Your protein is probably in the form of inclusion bodies. Look in your insoluble fraction after sonicated. You can try to do a Western Blot if you find an antibody on the Nephrin protein. See if you can get more soluble protein by screening the culture conditions (induction temperature, time...) otherwise you will have to do refolding steps to obtain your protein

Nicolas Poirier I have the antibody for the nephrin protein. I will perform a Western blot to detect whether the protein is expressed.

Thank you.

Sebastian Schmitt

1. The plasmid I purchased was cloned with the GOI using the Golden Gate method, and I double-checked it by sequencing. The sequence matched the expected GOI, with no frameshifts or mutations. Additionally, I performed PCR targeting the GOI in that plasmid template, and the amplicon size matched the expected size of the GOI.
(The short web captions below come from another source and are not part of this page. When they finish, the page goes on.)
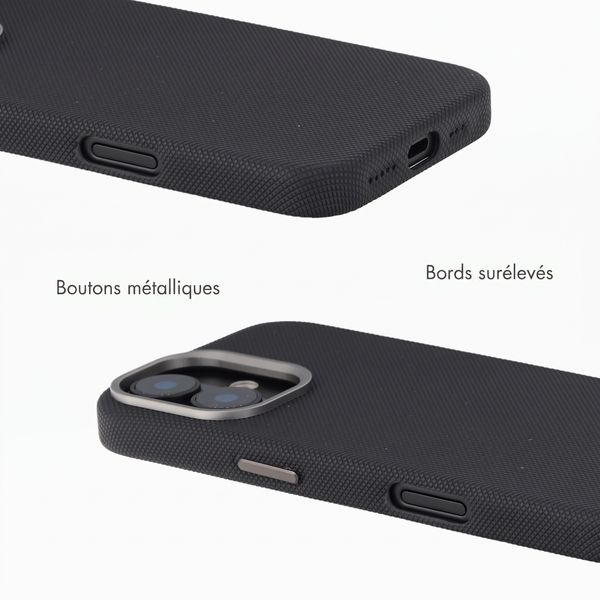 Accezz Coque arrière Mesh avec MagSafe Apple iPhone 17 - Noir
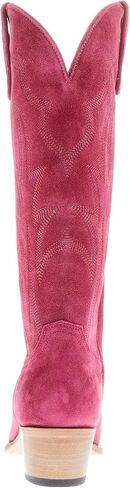 حذاء Macie Bean النسائي If Karlee Were A Cowgirl 15 باللون الوردي الفاقع من جلد الغزال العلوي لراعية البقر in Kuwait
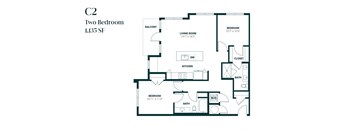 Two Bedroom C2 1135 SF - Rosewind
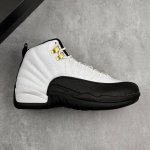 本地 核心私 air Jordan 12 Retro Taxi History 高帮 复刻白黑计程车 Aj12 乔丹12代 乔丹篮球鞋系列 首次发售于1996年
2. For the codon-optimized construct, I did not verify which codons are preferred and which are not.

3. The temperature of expression that I tested was 20 and 25 degrees Celsius, for up to 20 hours post-IPTG induction.

It's probably misfolded, nephrin requires multiple disulfide bonds for proper folding. Have you considered periplasmic expression? Ideally, I'd try insect cells, it has other PTMs like phosporylation and glycosylation that you'd never achieve with bacterial system. From what I've seen people express only single nephrin domains in bacteria.